### Activity
From the line that holds "Stiegenabgang BRG Salzburg vorher" down to the last line of the listing below, reproduce each line exactly and nothing more, omitting pictures.

### Given entries
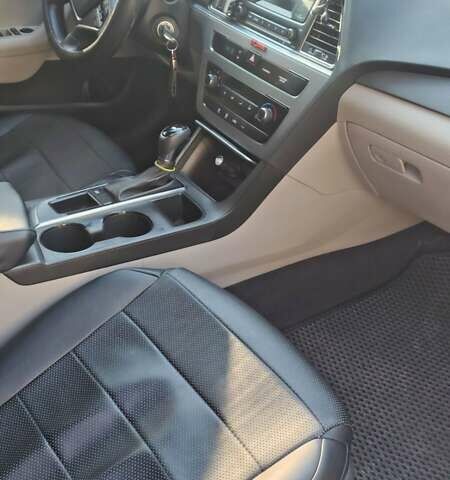 Хендай Соната, объемом двигателя 2.36 л и пробегом 220 тыс. км за 7350 $, фото 2 на Automoto.ua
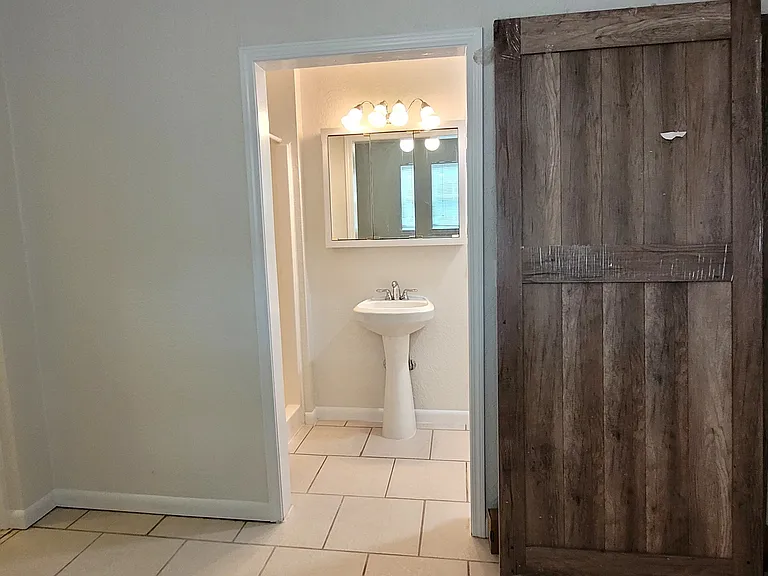 533 Ditmar St #B — Photo 22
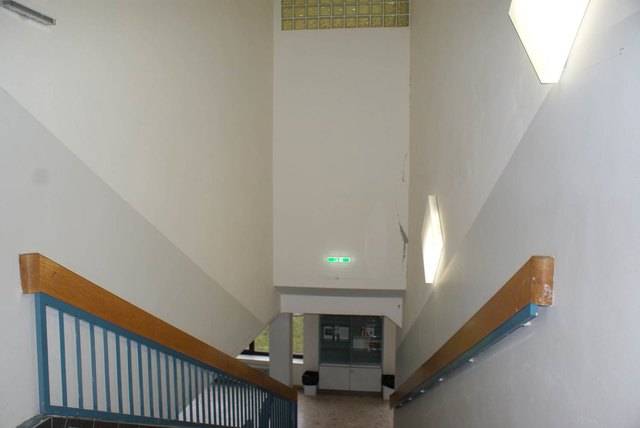 Stiegenabgang BRG Salzburg vorher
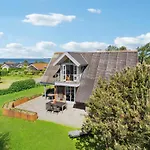 Prázdninový dům 4 Bedroom In *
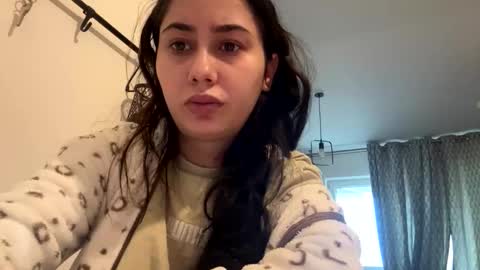 Snapshot of natalie_cloud chatting on December 16, 2025, 7:57 am Natalie online show from December 16, 2025, 7:57 am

### Finished exercise
 Stiegenabgang BRG Salzburg vorher
 Prázdninový dům 4 Bedroom In *
 Snapshot of natalie_cloud chatting on December 16, 2025, 7:57 am Natalie online show from December 16, 2025, 7:57 am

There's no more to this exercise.